Fue el púgil Kerman Lejarraga, dos veces ganador del europeo welter el pasado año, el encargado de advertir de que, pese a su tanteador particular de 27 victorias y cero derrotas, los triunfos no se regalan en el boxeo. «Pequeño no hay nada. Hay marrones por ahí muy buenos», confesó el 'Revólver' de Morga.

El surfista Natxo González y el esquiador Juan del Campo fueron la representación de dos deportes con proyección. Las pelotaris Patri Espinar y Amaia Aldai, campeonas individuales, y Olatz Arrizabalaga y Leire Etxaniz, del Parejas; así como la ciclista Eider Merino, la luchadora Naiomi Matthews y el club de atletis mo BM simbolizaron la pujanza del deporte femenino. Los equipos de sokatira del Gaztedi de Laukiz -nueve medallas en los Mundiales de China y Sudáfrica- y del Gohierri -dos medallas en Sudáfrica- eran un brillante ejemplo de las disciplinas autóctonas.

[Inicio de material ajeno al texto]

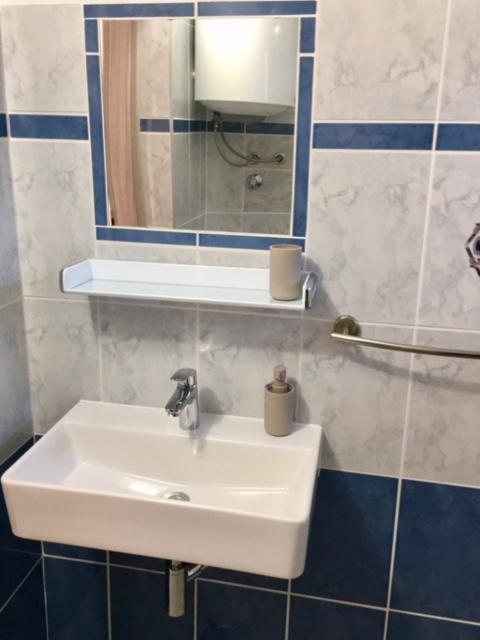 Apartment Zdravko Štinjan Eksteriør bilde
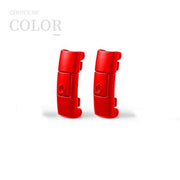 FnLune Press Lock Shoelaces Without Ties 7MM Width - FnLune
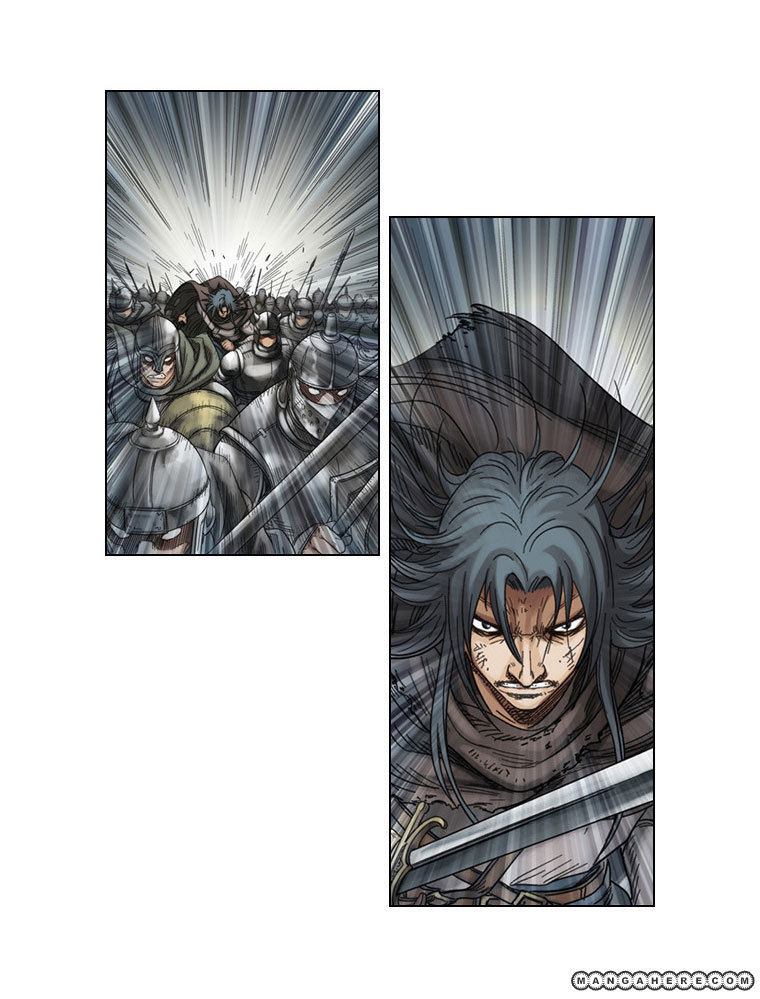 Paladin Chapter 36 page 25 - Chapter 36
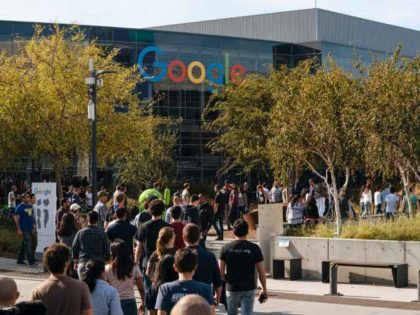 Google HQ walkout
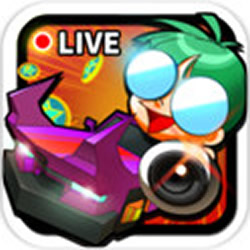 Madnessteer Live(赛车直播手最新版下载)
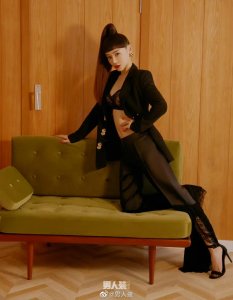 ​盘点拍过男人装的女明星（二）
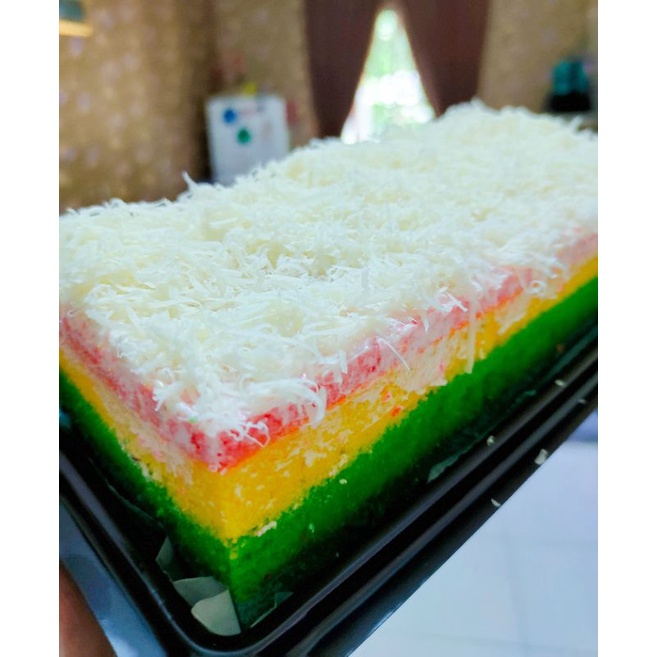 

Rainbow Cake cheese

Pero la gala reservó un momento para algo muy especial. Para un recuerdo que tocó el corazón de los presentes. No podía ser de otra forma cuando llegó el turno de evocar a Javier Otxoa, el ciclista fallecido el año pasado tras luchar durante más de una década contra las secuelas que le dejó un accidente de tráfico en Alhaurín de la Torre (Málaga). Una tragedia en la que murió su hermano gemelo Ricardo y que se produjo cuando él tenía toda una carrera por delante. La madre, María Palacios, recogió el premio bajo una salva de aplausos, la más emocionante de la noche.